Toto Wolff : « Ce n'était pas catastrophique »

Pour Toto Wolff, il faut cependant relativiser cette période.

Le dirigeant autrichien reconnaît volontiers que Mercedes ne disposait tout simplement pas d'une voiture capable de battre les meilleures équipes.

« Nous avons compris que nous ne pouvions pas gagner parce que la voiture n'était jamais suffisamment bonne pour battre ceux qui étaient devant », explique-t-il.

Selon les saisons, cette référence était Red Bull puis McLaren.

Mercedes devait donc revoir ses ambitions.

« Le meilleur objectif réaliste était la deuxième ou la troisième place et c'est ce que nous avons obtenu, à l'exception d'une année », poursuit Wolff.

Une domination qui change la perception des résultats

Le patron de Mercedes estime surtout que cette période apparaîtra différemment lorsqu'elle sera observée avec plusieurs décennies de recul.

Après autant de titres consécutifs, terminer deuxième, troisième ou même quatrième peut sembler catastrophique à court terme. Mais replacées dans l'ensemble de l'histoire de Mercedes en Formule 1, ces saisons restent selon lui très loin d'un véritable effondrement.

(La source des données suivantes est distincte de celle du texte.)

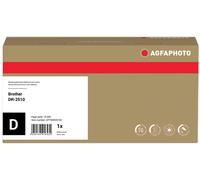 Agfa Photo Tamburo nero Originale APTBDR2510E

« Dans 20 ou 30 ans, vous regarderez simplement les statistiques », explique Wolff en rappelant l'impressionnante succession de premières places enregistrée par son équipe avant cette période plus difficile.

Sa conclusion est sans équivoque :

« Ce n'est pas catastrophique. »

Mercedes a retrouvé les sommets en 2026

La situation est désormais bien différente.

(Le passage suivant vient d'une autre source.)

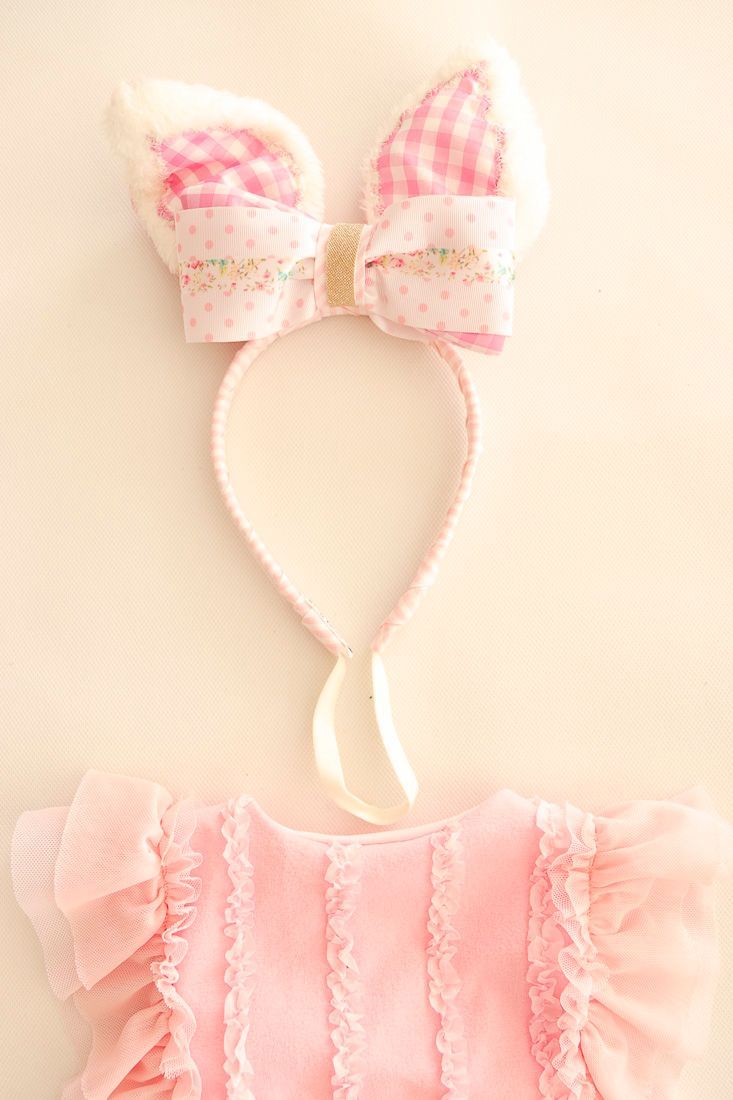 Bombachon Pink bubble Minnie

L'introduction du nouveau règlement moteur et aérodynamique en 2026 a permis à Mercedes de retrouver une position dominante.

Après 11 manches, l'équipe occupe la tête du championnat constructeurs avec 72 points d'avance sur Ferrari.

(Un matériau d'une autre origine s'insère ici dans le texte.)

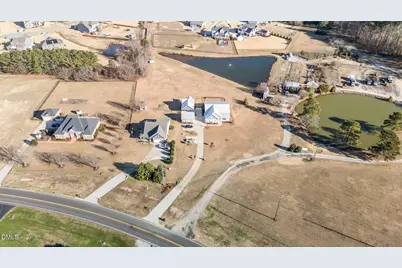 3801 Johnson Pond Road, Apex, NC 27539 - Photo 46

La situation est également particulièrement favorable chez les pilotes.

Kimi Antonelli mène le championnat avec 50 points d'avance sur Lewis Hamilton, désormais chez Ferrari, tandis que George Russell pointe à 59 unités de son équipier.

Mercedes est donc idéalement positionnée pour mettre fin cette saison à plusieurs années sans titre.

Le pari du nouveau règlement bientôt récompensé ?

La capacité de Mercedes à rebondir avec le changement réglementaire constitue désormais l'un des éléments majeurs de cette saison 2026.

L'écurie qui avait dominé le début de l'ère hybride semble avoir particulièrement bien négocié l'entrée dans cette nouvelle génération technique.

Et si les deux titres venaient effectivement rejoindre Brackley à la fin de la saison, les années difficiles évoquées par Toto Wolff pourraient finalement apparaître comme une simple parenthèse dans une période beaucoup plus longue de succès.